### DATASET CONTENT
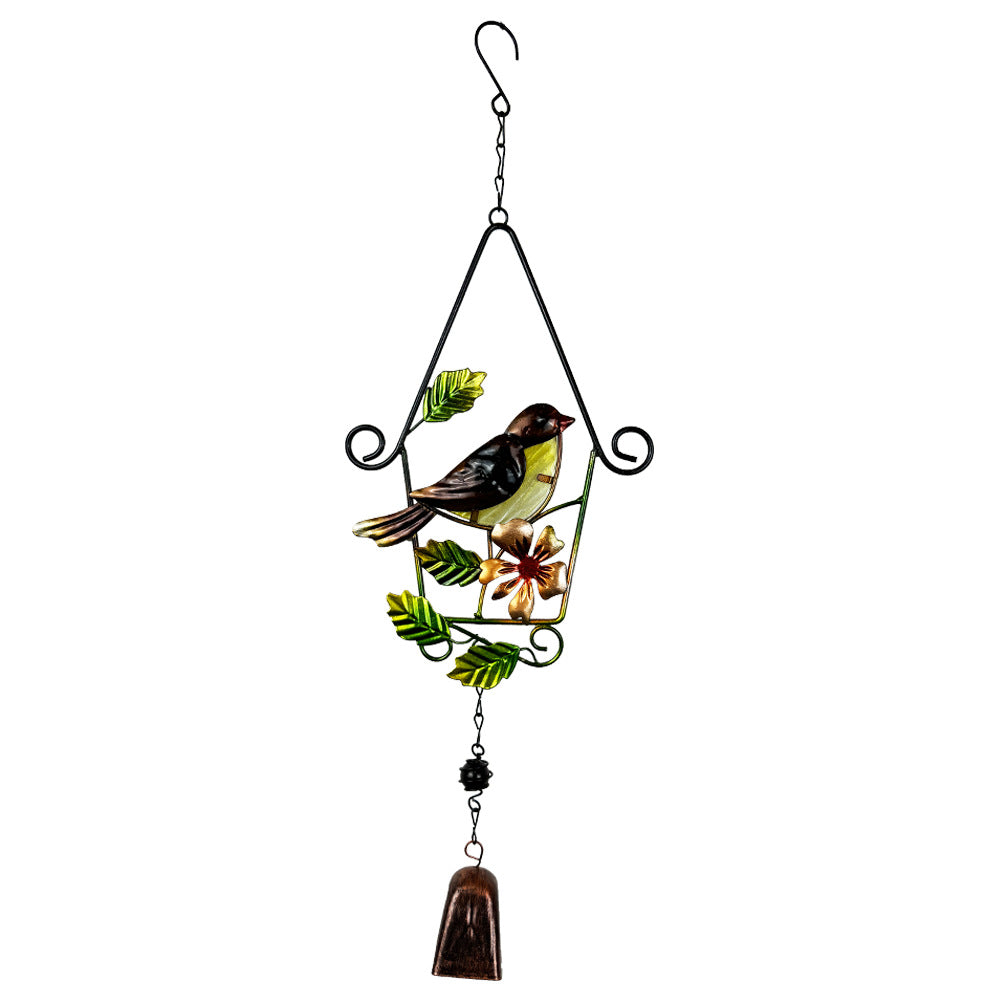 Wholesale  iron bird glass handicraft bird cage wind chime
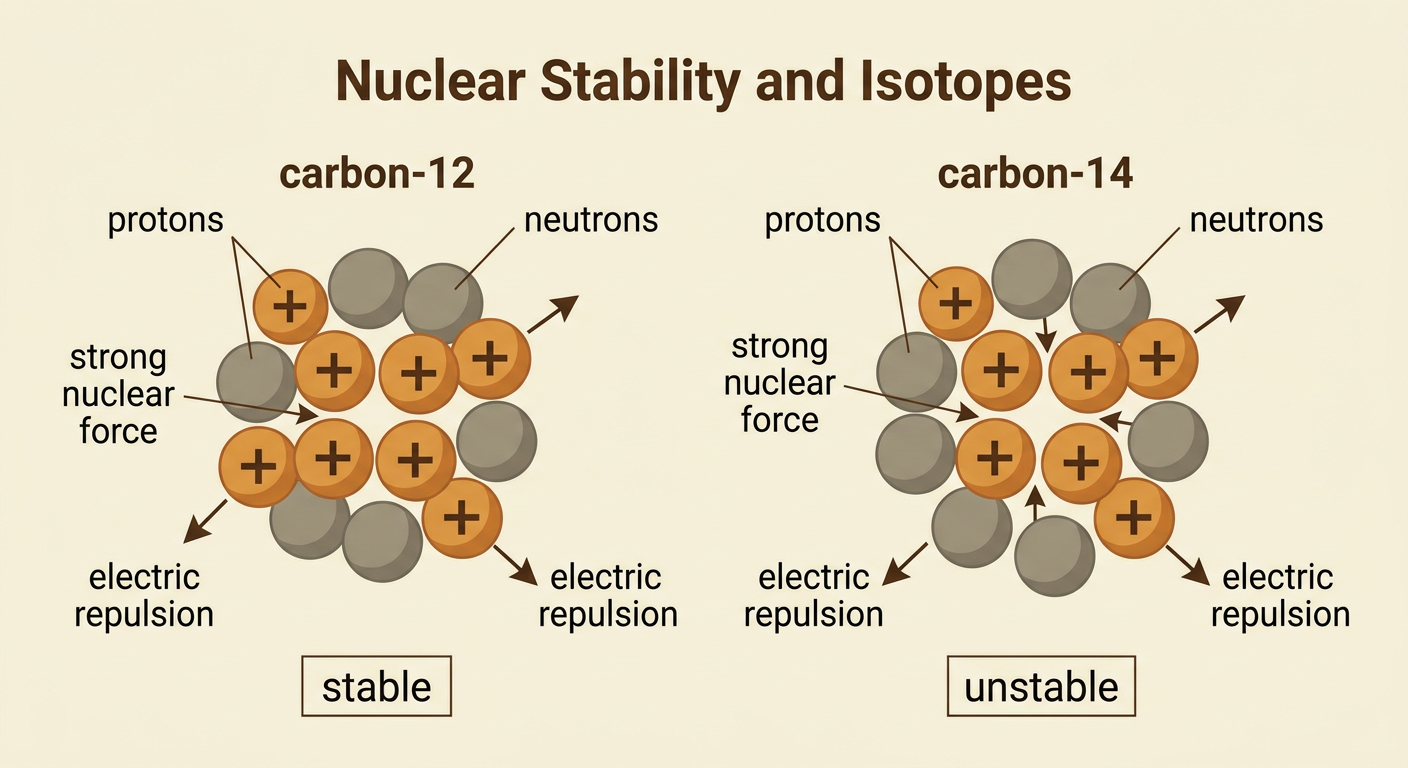 A comparison diagram shows stable carbon-12 and unstable carbon-14 nuclei with the forces between their particles.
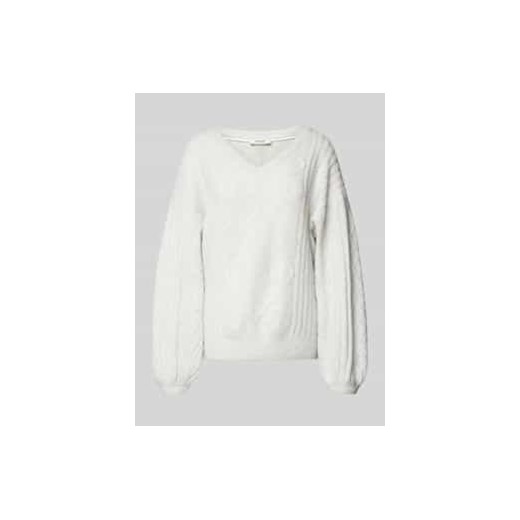 Sweter z dzianiny z dekoltem w serek model ‘Medi’ ze sklepu Peek&Cloppenburg  w kategorii Swetry damskie - zdjęcie 177857548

### REQUIREMENT
Would you copy out the data exactly, leaving every picture out?

### RESULT OF THE TASK
 Wholesale  iron bird glass handicraft bird cage wind chime
 A comparison diagram shows stable carbon-12 and unstable carbon-14 nuclei with the forces between their particles.
 Sweter z dzianiny z dekoltem w serek model ‘Medi’ ze sklepu Peek&Cloppenburg  w kategorii Swetry damskie - zdjęcie 177857548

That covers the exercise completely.